Il card. Ruini dà una bella lezione agli “antibergogliani”: «siete ciechi»

«Bisogna essere ciechi per non vedere l’enorme bene che papa Francesco sta facendo alla Chiesa e alla diffusione del Vangelo». A dirlo in un’intervista è il card. Camillo Ruini, leader della “cordata conservatrice” in Curia, secondo le superficiali etichette mediatiche.
A chi sta dando del “cieco” il grande collaboratore di Papa Wojtyla e di Benedetto XVI? Ai cosiddetti stalker di Papa Francesco, il gruppetto di cattolici («si professano cattolici», direbbe il Papa) che da due anni ha intrapreso una battaglia quotidiana contro il Pontefice, minacciando scismi, annunciando catastrofi, recitando l’Apocalisse, coinvolgendo la massoneria, sbrodolando fiumi di profezie dell’Antico Testamento, sforzandosi di interpretare messaggi di qualche mistico o mistica piegandoli senza pietà alla realtà attuale. Molti li definiscono “tradizionalisti”, noi preferiamo “socciani”, in onore del loro “riferimento spirituale” Antonio Socci.

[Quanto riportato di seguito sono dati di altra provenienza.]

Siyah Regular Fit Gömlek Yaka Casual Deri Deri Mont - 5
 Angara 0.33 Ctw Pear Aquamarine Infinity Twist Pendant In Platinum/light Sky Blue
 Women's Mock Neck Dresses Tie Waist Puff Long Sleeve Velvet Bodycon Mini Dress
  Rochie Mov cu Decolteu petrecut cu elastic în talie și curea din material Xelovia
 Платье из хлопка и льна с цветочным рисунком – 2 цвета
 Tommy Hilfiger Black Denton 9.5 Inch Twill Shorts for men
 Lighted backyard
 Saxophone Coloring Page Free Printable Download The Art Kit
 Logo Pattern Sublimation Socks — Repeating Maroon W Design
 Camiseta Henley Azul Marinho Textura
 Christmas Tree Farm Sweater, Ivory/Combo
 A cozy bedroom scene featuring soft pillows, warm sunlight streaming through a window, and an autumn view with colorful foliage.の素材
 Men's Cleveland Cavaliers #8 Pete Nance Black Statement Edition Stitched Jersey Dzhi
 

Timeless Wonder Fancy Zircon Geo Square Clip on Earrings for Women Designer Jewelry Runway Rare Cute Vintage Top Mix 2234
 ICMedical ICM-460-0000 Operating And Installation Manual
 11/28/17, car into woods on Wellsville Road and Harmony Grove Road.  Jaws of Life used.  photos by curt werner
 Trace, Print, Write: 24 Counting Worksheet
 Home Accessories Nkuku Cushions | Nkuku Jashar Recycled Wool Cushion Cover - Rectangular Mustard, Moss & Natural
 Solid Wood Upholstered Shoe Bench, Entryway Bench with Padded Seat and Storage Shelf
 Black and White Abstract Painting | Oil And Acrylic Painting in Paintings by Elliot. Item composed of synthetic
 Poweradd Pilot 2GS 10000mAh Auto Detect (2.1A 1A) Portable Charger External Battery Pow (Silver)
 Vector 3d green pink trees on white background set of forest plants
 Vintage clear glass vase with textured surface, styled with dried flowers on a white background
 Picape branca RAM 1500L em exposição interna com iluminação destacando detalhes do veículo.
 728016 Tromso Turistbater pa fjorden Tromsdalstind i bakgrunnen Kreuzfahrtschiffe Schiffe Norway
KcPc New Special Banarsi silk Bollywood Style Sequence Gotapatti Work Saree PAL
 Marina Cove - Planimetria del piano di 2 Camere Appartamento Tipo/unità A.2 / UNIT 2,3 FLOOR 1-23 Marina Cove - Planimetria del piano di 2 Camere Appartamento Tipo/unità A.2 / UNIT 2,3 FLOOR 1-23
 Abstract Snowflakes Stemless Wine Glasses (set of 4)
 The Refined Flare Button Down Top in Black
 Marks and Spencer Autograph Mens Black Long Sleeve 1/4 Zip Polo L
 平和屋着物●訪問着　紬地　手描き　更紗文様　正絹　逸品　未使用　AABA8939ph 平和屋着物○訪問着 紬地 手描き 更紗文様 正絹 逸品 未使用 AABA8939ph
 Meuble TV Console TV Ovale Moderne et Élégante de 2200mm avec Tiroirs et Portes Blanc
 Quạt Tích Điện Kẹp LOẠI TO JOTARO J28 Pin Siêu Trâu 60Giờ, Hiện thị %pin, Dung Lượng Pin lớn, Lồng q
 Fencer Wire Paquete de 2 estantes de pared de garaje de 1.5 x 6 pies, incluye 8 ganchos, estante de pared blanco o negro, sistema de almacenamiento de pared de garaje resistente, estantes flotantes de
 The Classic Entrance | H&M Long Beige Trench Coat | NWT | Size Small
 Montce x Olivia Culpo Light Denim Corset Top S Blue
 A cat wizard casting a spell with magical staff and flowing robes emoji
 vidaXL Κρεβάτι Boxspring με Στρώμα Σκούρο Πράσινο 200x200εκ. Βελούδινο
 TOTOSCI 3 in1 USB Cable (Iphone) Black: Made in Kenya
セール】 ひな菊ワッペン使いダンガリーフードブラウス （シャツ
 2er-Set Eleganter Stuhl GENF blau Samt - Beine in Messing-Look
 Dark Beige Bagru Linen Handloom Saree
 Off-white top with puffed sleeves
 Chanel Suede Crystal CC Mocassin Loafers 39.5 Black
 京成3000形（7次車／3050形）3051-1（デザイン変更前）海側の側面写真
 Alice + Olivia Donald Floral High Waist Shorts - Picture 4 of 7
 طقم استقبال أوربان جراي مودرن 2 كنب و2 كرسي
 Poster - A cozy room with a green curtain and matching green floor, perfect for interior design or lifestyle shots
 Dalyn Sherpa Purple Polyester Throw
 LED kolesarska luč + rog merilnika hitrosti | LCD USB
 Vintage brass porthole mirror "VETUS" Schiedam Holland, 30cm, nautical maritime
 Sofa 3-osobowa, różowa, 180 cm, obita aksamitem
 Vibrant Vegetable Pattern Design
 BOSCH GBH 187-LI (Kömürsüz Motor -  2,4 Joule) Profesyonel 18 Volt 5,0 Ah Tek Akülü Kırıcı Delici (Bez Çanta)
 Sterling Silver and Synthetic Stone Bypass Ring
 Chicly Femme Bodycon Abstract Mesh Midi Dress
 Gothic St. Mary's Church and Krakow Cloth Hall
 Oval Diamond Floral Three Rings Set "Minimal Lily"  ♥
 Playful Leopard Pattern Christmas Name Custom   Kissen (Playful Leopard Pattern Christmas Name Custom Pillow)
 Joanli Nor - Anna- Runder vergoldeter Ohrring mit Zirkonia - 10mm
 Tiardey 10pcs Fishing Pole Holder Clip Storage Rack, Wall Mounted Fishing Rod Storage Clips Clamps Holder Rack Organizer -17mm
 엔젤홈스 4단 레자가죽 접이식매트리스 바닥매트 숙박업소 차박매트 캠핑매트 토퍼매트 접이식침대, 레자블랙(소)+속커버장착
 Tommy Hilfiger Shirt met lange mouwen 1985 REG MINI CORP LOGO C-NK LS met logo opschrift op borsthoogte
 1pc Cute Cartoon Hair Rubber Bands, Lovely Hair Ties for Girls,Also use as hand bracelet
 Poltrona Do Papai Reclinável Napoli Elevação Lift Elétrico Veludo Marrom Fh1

Giusto qualche esempio. La riflessione più matura dell’ultimo periodo del giornalista di Libero (quotidiano del famoso titolo ben poco evangelico “Bastardi islamici”, da cui Socci non ha ancora preso le distanze) è stata sciorinare un lenzuolo di profezie, tagliandole e incollandole a piacere le une alle altre per sostenere che l’Islam distruggerà Roma e il Vaticano. Una performance onestamente imbarazzante, malamente derisa dai suoi colleghi giornalisti (anche qui). Dello stesso livello l’articolo di due giorni fa dove ha messo in bocca a Francesco una frase virgolettata che non ha mai detto«La Chiesa non adori la “santa tangente”». Così lo ha accusato di «sputtanare pubblicamente» vescovi e cardinali di corruzione, sospettandoli di pagare tangenti. Lo avrebbe fatto, secondo l’intellettuale di Libero perché «vuole vendicarsi di essere stato messo in minoranza in ben due Sinodi e non aver potuto imporre» la comunione ai divorziati e le nozze gay. «Così adesso la fa pagare al mondo ecclesiastico». Ognuno può percepire da solo il livello delle critiche che deve subire il Papa, acriticamente riprese dai socciani su Facebook. Se si legge il testo dell’omeliail Papa mette semplicemente in guardia la Chiesa a non cadere nella mondanità, cioè nel fascino del potere e del denaro, ricordando quando gli scribi e i farisei vennero redarguiti da Gesù perché adoravano la “santa tangente”.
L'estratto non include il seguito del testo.